Administration of Justice Act 1696
- Parliament of England
- Long title: An Act for the better preventing of frivolous and vexatious Suits.
- Citation: 8 & 9 Will. 3. c. 11
- Territorial extent: England and Wales

Dates
- Royal assent: 8 March 1697
- Commencement: 25 March 1697
- Repealed: 30 July 1948

Other legislation
- Repealed by: Civil Procedure Acts Repeal Act 1879; Statute Law Revision and Civil Procedure Act 1883; Statute Law Revision Act 1948;

Status: Repealed

Text of statute as originally enacted

= Administration of Justice Act 1696 =

Act of the Parliament of England

The Administration of Justice Act 1696 (8 & 9 Will. 3. c. 11) was an act of the Parliament of England.

== Subsequent developments ==
Sections 1–3 and 5–7 of the act were repealed by section 2 of, and part II of the schedule to, the Civil Procedure Acts Repeal Act 1879 (42 & 43 Vict. c. 59), which came into force on 15 August 1879. Section 4(2) of that act provided that the repeal did not operate in respect of any court other than the Supreme Court of Judicature in England.

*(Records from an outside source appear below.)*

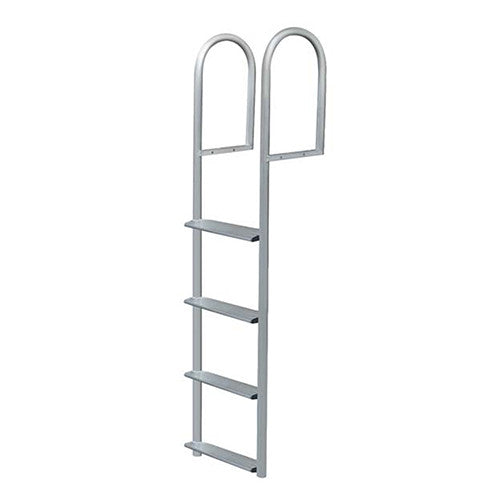 JIF Marine, JIF Stationary Dock Ladder Aluminum, 4 Step Wide
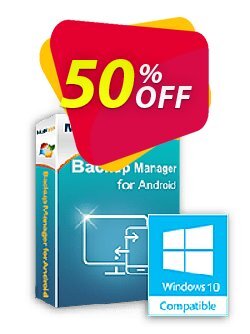 50% OFF MobiKin Backup Manager for Android - 1 Year, 21-25PCs License Coupon code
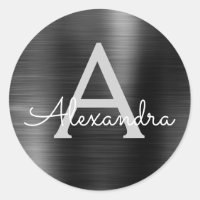Boda Monogramado de Black Relieve metalizado Girly
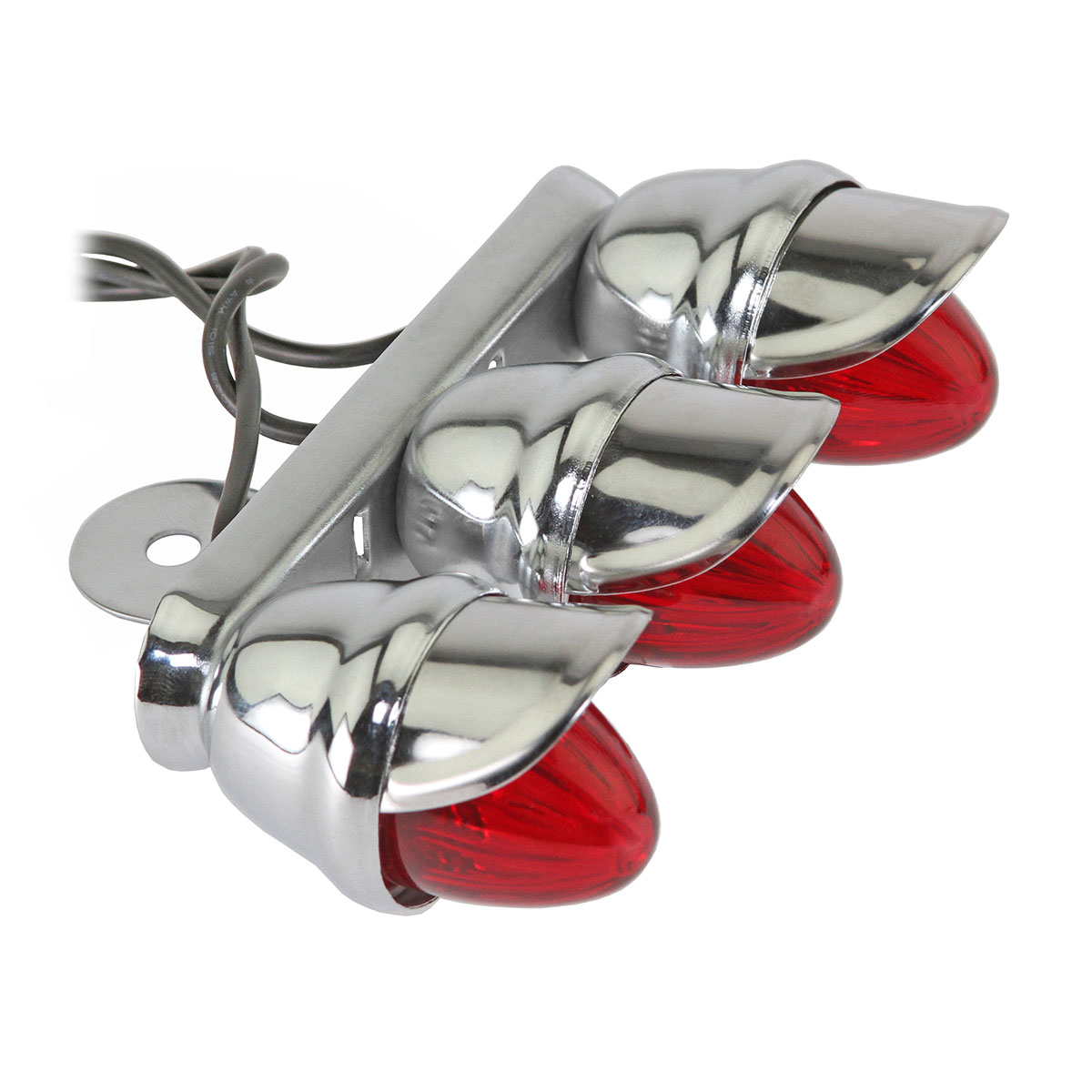 Triple Mini Bee Light 781 Chrome/Red.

Section 4 was repealed by section 2 of, and part I of the schedule to, the Civil Procedure Acts Repeal Act 1879 (42 & 43 Vict. c. 59), which came into force on 15 August 1879.

Sections 1 to 3 and 5 to 7 were repealed by section 4 of the Statute Law Revision and Civil Procedure Act 1883 (46 & 47 Vict. c. 49). But see section 7 of that act as to the Lancaster Palatine Court and the inferior civil courts (now abolished).

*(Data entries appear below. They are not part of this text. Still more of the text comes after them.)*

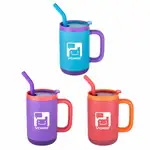 Abelia Insulated Mug 16 oz with Sip and Twist Lid and Straw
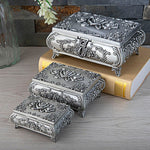 Silver Jewellery Box Large nz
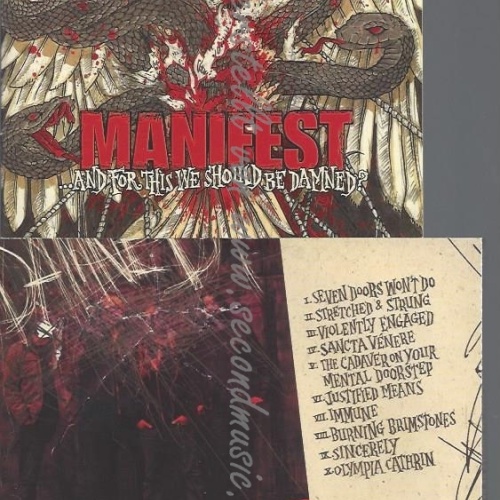 CD--MANIFEST--...AND FOR THIS WE SHOULD BE DAMNED?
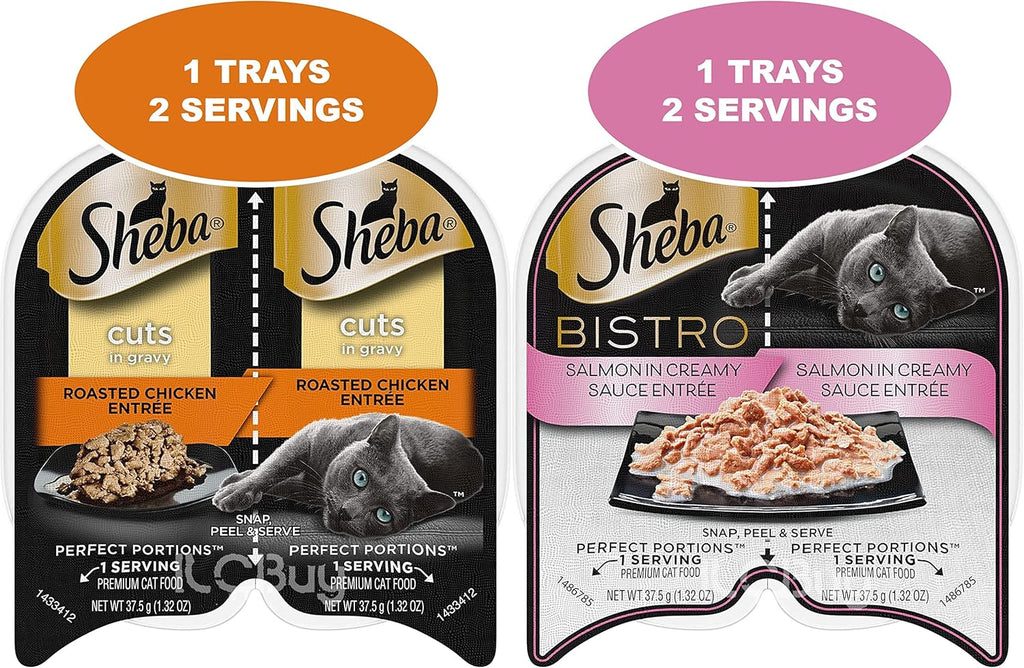Sheba Perfect Portions Cat Food Variety Bundle with Toy and Booklet P139425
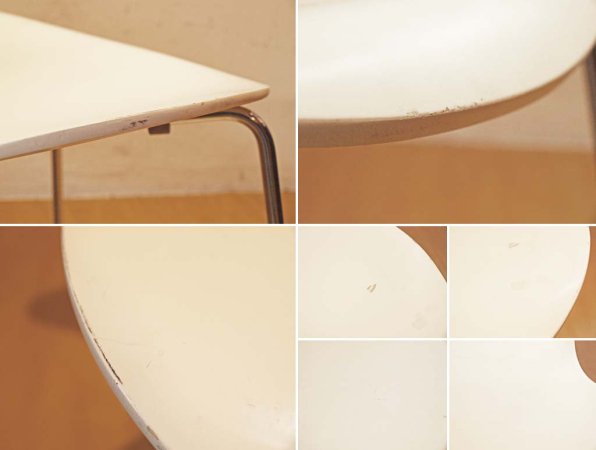 フリッツ ハンセン Fritz Hansen セブンチェア ラッカーホワイト仕上 アルネ・ヤコブセン Arne Jacobsen 北欧 モダンデザイン ★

Sections 99(1)(f) and (g) of, and schedule 1 to, the Supreme Court of Judicature (Consolidation) Act 1925 (15 & 16 Geo. 5. c. 49) provided that the whole act, so far as unrepealed, could be repealed by rules of court made under section 99 of that act.

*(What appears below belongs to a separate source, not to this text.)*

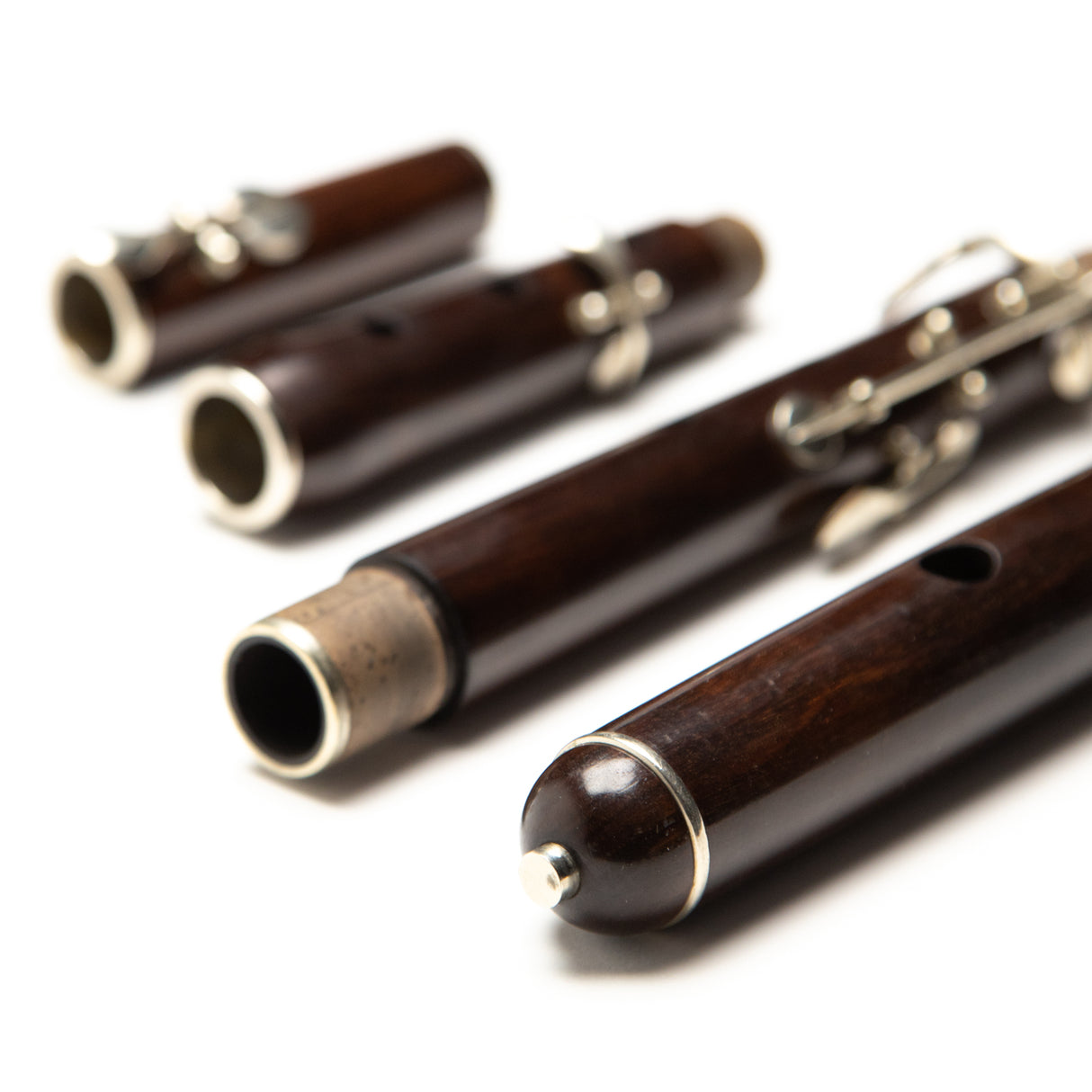 Olwell Restored Gautrot Cocus & Nickel Silver 5-Key F Flute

In Section 8, the words from "from and after" to "ninety and seven" were repealed by section 1 of, and the first schedule to, the Statute Law Revision Act 1948 (11 & 12 Geo. 6. c. 62), which came into force on 30 July 1948.

== Case reference ==
The act was referred to by the Lord Chancellor in the House of Lords decision on Clydebank Engineering and Shipbuilding Co. Ltd. v. Don Jose Ramos Yzquierdo y Castaneda (1904) as the law "upon which English lawyers rely" for making the distinction between damages and penalties.